» What is being asked
Each entry below should be given again exactly; the pictures stay out.

» Data for this task
>>

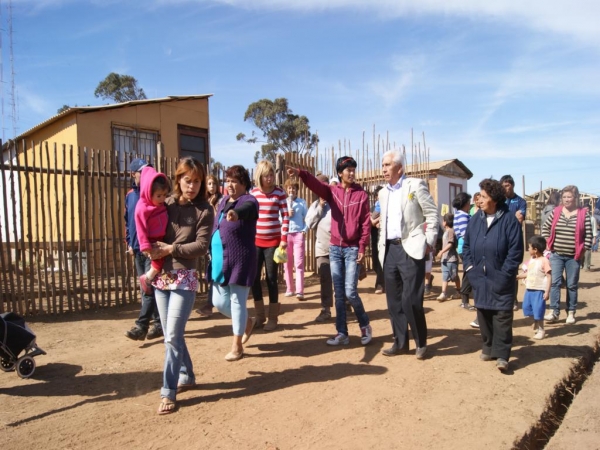 Alcalde se comprometi&oacute; a interceder ante desalojo de Villa G&eacute;nesis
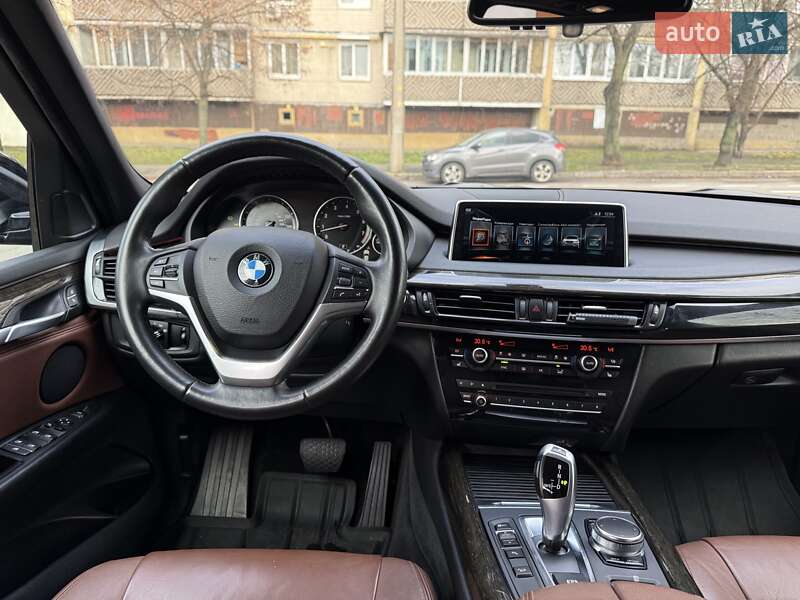 Внедорожник / Кроссовер BMW X5 2016 в Киеве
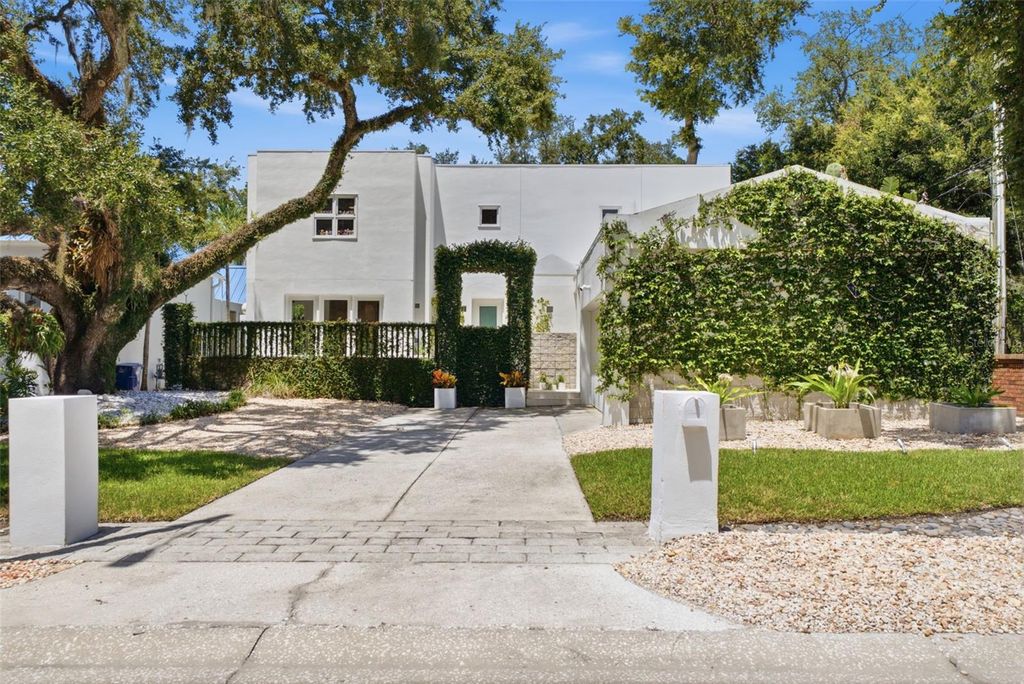 Image 4 of property listing at 2701 CHAMBRAY LANE, Tampa, FL 33611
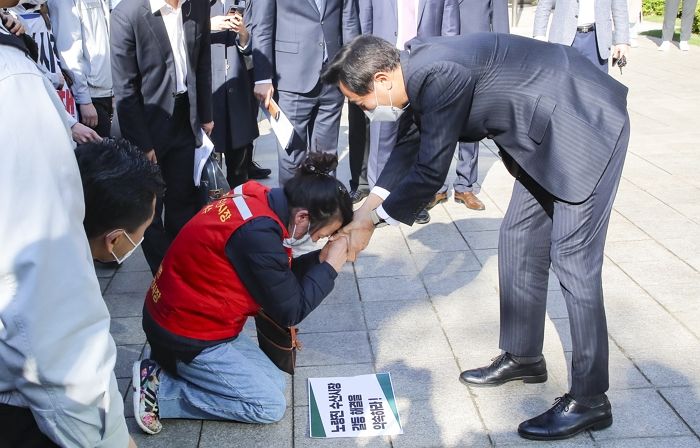 첫 출근 도중 ‘큰절’ 하는 노량진 수산시장 상인을 본 오세훈 시장의 행동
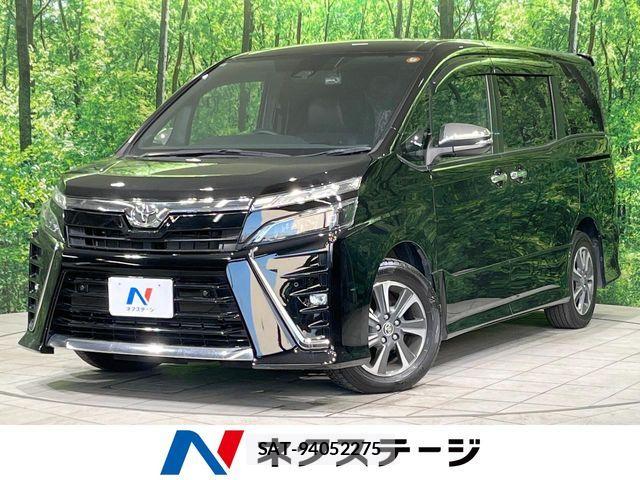 Toyota VOXY 2021-11 8338431-0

<<

» Reply
 Alcalde se comprometi&oacute; a interceder ante desalojo de Villa G&eacute;nesis
 Внедорожник / Кроссовер BMW X5 2016 в Киеве
 Image 4 of property listing at 2701 CHAMBRAY LANE, Tampa, FL 33611
 첫 출근 도중 ‘큰절’ 하는 노량진 수산시장 상인을 본 오세훈 시장의 행동
 Toyota VOXY 2021-11 8338431-0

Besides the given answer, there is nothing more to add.